ACTIVITY:
Restate word for word the lines in the listing below, starting at the line containing "Used 2024 Chevrolet Equinox LT image 3" and ending at the line containing "富爾普梅斯的住宿－Ferie", both included; leave out the rest.

RECORDS FOR THE EXERCISE Start Marker

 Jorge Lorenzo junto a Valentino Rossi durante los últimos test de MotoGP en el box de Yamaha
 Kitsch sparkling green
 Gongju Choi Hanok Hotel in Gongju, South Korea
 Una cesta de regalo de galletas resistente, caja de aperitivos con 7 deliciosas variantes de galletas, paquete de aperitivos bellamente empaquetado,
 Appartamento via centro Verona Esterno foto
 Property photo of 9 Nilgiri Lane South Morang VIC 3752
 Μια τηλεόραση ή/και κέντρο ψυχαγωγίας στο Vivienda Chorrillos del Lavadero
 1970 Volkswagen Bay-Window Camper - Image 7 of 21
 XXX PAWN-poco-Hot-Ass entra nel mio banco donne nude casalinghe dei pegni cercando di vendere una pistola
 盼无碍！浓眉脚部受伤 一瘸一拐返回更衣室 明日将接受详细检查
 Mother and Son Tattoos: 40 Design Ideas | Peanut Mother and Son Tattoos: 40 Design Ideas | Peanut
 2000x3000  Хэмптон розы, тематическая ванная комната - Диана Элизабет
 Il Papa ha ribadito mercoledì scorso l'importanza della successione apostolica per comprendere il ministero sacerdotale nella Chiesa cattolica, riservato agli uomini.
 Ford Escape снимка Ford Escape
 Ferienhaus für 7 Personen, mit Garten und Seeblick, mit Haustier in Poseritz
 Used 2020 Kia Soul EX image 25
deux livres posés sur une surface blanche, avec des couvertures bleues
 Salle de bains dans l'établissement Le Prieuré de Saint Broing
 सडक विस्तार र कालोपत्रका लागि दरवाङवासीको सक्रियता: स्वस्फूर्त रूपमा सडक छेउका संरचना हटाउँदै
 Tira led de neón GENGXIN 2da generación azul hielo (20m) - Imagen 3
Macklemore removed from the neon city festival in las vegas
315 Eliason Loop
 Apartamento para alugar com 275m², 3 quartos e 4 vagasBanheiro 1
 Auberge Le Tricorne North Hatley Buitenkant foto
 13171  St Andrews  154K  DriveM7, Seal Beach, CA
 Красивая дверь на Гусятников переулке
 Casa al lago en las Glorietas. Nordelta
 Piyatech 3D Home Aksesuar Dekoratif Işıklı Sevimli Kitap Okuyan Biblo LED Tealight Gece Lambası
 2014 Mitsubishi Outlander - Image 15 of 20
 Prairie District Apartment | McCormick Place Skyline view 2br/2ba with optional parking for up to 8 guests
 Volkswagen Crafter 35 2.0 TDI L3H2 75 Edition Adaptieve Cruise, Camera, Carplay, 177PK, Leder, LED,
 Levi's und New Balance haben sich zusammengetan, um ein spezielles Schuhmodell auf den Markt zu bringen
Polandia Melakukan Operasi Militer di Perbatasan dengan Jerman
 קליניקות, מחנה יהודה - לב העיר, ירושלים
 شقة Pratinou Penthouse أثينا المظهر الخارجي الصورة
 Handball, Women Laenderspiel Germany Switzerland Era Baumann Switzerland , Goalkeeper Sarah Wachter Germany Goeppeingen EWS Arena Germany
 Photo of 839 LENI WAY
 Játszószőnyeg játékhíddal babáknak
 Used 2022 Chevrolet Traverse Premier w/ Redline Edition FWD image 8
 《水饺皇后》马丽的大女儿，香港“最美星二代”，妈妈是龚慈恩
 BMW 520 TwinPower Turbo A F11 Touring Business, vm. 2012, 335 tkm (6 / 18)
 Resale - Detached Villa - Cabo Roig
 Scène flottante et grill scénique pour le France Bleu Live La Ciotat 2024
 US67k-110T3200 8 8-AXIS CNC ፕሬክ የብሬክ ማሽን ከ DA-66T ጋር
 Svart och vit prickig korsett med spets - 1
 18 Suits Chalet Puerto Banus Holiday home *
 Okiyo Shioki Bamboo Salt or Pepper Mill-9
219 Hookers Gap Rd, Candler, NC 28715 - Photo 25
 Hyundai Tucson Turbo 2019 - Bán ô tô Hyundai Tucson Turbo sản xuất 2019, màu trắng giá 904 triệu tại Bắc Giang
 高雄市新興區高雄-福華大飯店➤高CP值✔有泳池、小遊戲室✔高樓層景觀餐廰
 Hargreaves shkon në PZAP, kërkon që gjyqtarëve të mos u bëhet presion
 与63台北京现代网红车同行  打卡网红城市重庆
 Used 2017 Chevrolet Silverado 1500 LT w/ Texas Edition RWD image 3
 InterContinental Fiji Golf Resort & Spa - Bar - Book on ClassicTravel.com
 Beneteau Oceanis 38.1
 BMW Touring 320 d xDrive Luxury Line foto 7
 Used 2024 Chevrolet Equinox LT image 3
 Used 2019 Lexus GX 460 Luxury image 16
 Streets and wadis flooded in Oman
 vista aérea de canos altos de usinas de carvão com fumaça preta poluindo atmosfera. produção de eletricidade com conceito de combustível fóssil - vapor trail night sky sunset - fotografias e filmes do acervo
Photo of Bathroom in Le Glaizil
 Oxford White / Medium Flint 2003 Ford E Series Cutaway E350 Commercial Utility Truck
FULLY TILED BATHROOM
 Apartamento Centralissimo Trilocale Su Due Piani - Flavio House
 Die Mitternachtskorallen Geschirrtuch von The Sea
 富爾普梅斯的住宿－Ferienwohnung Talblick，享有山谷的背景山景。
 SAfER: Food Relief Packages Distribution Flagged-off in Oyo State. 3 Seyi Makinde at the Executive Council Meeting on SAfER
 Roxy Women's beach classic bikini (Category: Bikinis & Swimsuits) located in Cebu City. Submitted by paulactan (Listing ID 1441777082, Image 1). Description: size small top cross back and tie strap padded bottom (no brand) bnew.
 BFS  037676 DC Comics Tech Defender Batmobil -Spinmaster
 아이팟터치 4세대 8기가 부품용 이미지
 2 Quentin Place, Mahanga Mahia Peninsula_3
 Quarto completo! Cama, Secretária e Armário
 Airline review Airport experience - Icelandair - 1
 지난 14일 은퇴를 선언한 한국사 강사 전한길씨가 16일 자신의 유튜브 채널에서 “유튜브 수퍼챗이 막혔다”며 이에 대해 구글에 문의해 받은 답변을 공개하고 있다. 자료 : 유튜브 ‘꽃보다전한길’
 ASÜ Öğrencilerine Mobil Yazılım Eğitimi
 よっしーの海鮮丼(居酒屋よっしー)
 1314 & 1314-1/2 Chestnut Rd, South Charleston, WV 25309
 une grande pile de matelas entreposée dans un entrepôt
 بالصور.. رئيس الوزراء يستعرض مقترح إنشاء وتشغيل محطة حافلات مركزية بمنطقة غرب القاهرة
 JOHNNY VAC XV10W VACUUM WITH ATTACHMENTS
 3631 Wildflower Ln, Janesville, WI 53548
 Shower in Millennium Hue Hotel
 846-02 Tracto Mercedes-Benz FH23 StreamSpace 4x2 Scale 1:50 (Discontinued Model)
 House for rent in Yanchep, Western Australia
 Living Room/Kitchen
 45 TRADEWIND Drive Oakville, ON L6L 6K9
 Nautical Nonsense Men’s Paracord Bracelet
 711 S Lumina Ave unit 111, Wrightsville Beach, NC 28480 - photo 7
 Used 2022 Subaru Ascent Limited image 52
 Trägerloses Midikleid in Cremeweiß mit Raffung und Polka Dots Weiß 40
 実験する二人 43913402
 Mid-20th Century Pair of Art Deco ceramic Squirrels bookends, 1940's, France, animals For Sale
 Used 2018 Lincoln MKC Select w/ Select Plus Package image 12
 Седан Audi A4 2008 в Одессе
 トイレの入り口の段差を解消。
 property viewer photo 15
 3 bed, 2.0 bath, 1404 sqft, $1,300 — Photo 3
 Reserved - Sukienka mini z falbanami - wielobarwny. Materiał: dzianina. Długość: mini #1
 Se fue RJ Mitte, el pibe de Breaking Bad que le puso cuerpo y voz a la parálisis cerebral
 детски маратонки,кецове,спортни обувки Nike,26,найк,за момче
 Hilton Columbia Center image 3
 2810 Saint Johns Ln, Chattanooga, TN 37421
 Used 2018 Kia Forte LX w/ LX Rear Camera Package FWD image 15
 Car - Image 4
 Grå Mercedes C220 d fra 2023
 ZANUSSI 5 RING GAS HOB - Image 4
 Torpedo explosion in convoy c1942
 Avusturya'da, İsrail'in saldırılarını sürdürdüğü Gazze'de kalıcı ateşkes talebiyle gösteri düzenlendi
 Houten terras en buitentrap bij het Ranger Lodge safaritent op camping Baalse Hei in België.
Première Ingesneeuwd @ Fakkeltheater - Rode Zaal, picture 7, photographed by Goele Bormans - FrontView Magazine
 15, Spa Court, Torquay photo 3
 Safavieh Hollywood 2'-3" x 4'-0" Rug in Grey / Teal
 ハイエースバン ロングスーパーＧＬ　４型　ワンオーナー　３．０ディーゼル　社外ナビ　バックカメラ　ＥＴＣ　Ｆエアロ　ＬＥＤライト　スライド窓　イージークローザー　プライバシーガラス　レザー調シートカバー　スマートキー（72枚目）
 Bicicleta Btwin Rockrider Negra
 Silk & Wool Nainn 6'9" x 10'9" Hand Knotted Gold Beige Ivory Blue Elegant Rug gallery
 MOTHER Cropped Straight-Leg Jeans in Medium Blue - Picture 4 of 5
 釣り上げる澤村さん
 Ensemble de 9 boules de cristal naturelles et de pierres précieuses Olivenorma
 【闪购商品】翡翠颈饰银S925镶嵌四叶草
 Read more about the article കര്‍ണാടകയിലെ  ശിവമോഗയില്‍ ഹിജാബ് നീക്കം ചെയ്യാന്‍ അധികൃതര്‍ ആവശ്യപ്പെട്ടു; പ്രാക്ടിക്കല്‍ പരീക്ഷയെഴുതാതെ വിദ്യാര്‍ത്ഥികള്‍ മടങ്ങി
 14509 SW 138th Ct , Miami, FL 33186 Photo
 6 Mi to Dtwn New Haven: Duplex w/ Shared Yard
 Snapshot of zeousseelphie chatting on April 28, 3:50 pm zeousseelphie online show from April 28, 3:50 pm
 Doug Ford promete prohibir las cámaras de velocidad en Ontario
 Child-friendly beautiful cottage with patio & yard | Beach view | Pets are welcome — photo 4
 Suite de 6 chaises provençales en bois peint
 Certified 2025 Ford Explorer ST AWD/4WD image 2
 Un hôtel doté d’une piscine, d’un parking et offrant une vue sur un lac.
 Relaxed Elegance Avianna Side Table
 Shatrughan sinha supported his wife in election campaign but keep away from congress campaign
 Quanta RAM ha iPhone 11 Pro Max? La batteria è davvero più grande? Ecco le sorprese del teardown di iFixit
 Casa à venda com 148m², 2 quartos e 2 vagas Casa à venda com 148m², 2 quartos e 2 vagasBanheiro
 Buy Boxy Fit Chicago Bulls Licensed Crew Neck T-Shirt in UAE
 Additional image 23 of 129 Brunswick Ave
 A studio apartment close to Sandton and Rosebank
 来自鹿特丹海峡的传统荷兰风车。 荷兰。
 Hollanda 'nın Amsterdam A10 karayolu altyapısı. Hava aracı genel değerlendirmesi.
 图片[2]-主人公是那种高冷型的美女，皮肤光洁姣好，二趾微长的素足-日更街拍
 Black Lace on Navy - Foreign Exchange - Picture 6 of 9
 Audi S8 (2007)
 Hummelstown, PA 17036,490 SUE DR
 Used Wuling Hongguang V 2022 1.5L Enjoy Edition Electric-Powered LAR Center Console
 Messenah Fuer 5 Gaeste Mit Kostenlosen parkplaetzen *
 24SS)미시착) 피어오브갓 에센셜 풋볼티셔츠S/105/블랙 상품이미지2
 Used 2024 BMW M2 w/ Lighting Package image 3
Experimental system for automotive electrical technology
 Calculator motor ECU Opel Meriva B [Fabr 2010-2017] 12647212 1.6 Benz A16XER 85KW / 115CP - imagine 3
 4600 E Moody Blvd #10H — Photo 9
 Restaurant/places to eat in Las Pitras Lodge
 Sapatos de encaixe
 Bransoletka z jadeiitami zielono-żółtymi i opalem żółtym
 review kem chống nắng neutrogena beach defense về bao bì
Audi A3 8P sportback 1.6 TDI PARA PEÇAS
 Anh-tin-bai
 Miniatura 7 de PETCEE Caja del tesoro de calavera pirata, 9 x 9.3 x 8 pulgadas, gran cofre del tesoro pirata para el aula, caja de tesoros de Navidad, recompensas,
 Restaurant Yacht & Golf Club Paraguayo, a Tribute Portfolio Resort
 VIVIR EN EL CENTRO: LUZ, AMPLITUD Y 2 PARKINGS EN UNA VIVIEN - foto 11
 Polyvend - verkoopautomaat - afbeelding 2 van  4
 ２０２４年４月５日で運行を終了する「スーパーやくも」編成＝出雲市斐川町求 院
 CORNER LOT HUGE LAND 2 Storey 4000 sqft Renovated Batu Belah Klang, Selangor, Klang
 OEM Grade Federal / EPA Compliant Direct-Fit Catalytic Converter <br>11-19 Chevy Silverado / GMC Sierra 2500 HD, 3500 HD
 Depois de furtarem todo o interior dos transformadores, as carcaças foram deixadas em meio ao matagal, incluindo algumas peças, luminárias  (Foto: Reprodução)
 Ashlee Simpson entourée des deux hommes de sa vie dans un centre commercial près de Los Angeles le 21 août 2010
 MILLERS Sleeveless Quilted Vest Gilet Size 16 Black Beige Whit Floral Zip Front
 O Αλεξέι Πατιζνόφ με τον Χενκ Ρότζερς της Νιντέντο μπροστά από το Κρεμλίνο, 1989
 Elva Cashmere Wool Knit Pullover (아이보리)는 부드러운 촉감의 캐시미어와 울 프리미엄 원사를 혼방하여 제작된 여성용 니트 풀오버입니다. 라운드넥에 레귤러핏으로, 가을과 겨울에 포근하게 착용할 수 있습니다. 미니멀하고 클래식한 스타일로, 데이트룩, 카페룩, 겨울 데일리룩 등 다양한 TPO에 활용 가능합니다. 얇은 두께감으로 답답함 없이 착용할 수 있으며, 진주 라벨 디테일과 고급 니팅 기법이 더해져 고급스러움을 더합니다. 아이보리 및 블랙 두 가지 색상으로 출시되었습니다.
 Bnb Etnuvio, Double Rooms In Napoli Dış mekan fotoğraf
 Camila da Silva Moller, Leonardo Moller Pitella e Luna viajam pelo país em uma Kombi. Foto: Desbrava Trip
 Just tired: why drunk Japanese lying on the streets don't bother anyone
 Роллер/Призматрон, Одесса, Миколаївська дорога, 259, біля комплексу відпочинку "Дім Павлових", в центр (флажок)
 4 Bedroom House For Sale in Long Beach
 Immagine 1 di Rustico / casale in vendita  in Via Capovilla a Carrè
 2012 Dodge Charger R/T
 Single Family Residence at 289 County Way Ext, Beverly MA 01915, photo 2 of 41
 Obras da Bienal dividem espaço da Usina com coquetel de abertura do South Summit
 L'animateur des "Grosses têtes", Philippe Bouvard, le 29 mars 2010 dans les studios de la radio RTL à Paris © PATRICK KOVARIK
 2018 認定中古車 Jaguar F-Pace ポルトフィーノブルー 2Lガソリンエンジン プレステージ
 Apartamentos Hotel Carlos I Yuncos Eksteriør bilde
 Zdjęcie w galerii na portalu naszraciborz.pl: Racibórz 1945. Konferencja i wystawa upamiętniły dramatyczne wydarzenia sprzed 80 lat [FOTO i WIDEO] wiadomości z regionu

RECORDS FOR THE EXERCISE End Marker

PROBLEM SOLUTION:
 Used 2024 Chevrolet Equinox LT image 3
 Used 2019 Lexus GX 460 Luxury image 16
 Streets and wadis flooded in Oman
 vista aérea de canos altos de usinas de carvão com fumaça preta poluindo atmosfera. produção de eletricidade com conceito de combustível fóssil - vapor trail night sky sunset - fotografias e filmes do acervo
Photo of Bathroom in Le Glaizil
 Oxford White / Medium Flint 2003 Ford E Series Cutaway E350 Commercial Utility Truck
FULLY TILED BATHROOM
 Apartamento Centralissimo Trilocale Su Due Piani - Flavio House
 Die Mitternachtskorallen Geschirrtuch von The Sea
 富爾普梅斯的住宿－Ferienwohnung Talblick，享有山谷的背景山景。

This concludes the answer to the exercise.